Frequently asked questions
Does a compressed workweek agreement need to be in writing in Ontario?
Yes. Under the Ontario ESA, any hours-of-work averaging agreement — which is what a compressed workweek requires to exempt daily overtime — must be in writing, signed by both parties, and kept on file. Without a written averaging agreement, an employee who works 10 hours per day is entitled to two hours at 1.5x premium pay for each of those days, regardless of the weekly total. This is one of the most commonly overlooked ESA compliance issues for SMBs.
Can we offer a four-day work week and pay the same salary?
Yes. A four-day compressed week at the same total weekly hours (e.g., 4×10 instead of 5×8) is paid the same, as the total hours and compensation are unchanged. Some businesses offer a four-day 32-hour week at full salary (reducing total hours by 20%) as a retention benefit; this is a pay decision, not an ESA requirement. The ESA requires the written averaging agreement for any arrangement where daily hours exceed eight.
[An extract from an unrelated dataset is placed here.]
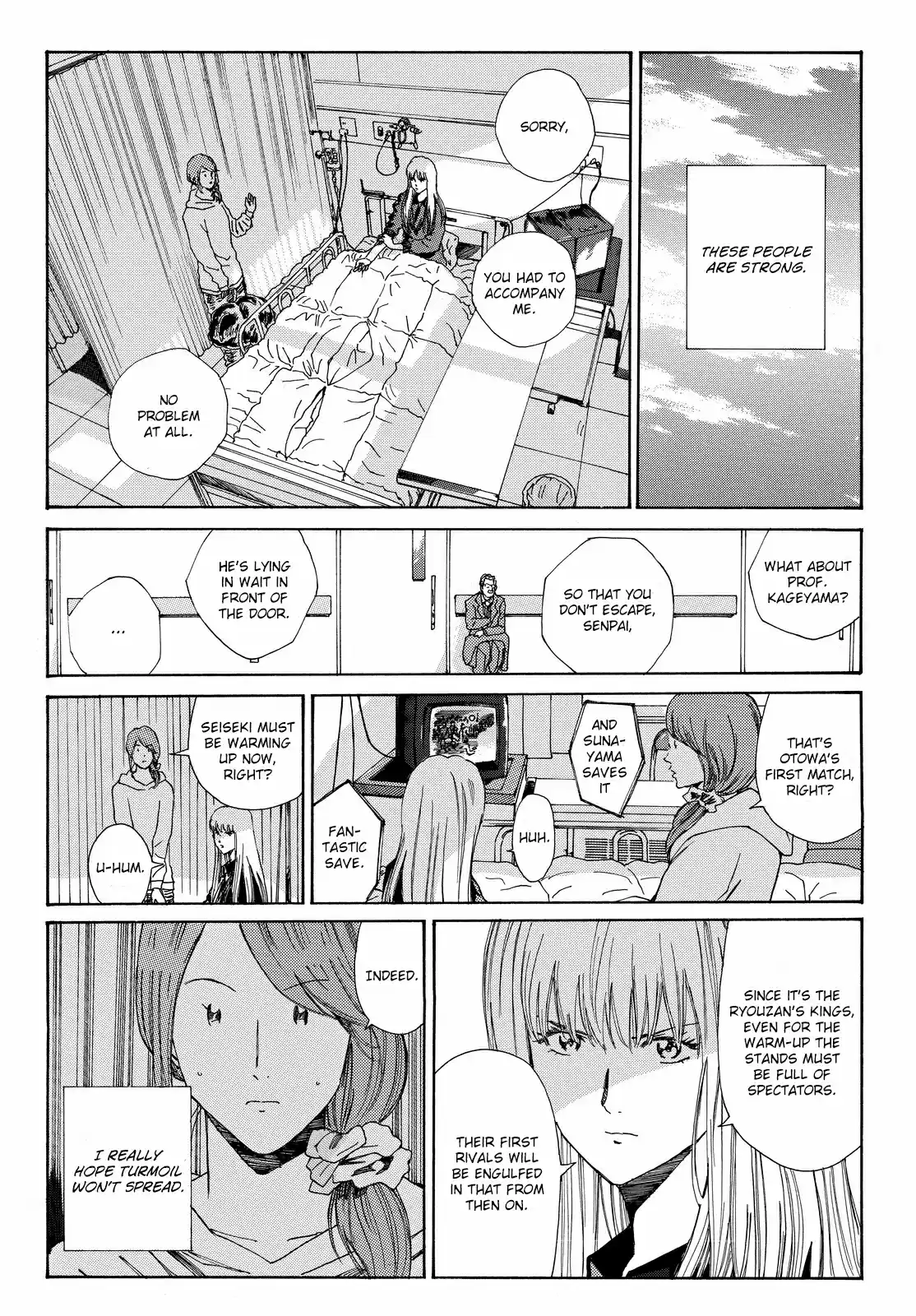 Days Vol. 20 Ch. 174 Keepie Uppies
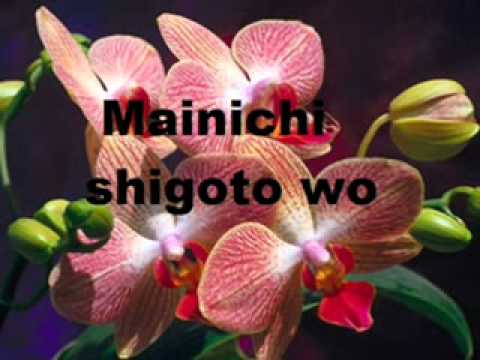 私だけの天使 (Watashi dake no tenshi) - Seiko Matsuda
What is the retention effect of flexible work for Canadian SMBs?
Survey data consistently shows that 70–80% of employees rate flexible work as a significant factor in decisions to stay or leave an employer. For Canadian SMBs that cannot match large-employer compensation, well-designed flexible arrangements are one of the most cost-effective retention tools available. The key qualifier is “well-designed”: flexible arrangements without clear expectations and manager accountability often produce more dissatisfaction than rigid schedules with good management.
Can I reverse a flexible work arrangement that employees have relied on?
Not unilaterally without legal risk. In Ontario, a flexible arrangement that an employee has relied on for an extended period may be considered an implied term of employment. Reversing it without reasonable notice and accommodation can give rise to a constructive dismissal claim. Reasonable notice for a material working condition change is typically two to eight weeks depending on the employee's tenure. Document all arrangement changes with a written agreement signed by the employee.
How do I ensure fairness when only some roles are eligible for flexible work?
Define eligibility criteria by role function, not by individual preference or seniority. Roles with fixed client-facing or operational hours (reception, retail, on-site maintenance) cannot realistically be made fully flexible; document this clearly. For roles that are eligible, apply the same standard consistently within each category. Inconsistent application based on manager preference is the most common source of flexible-work equity complaints in Canadian workplaces.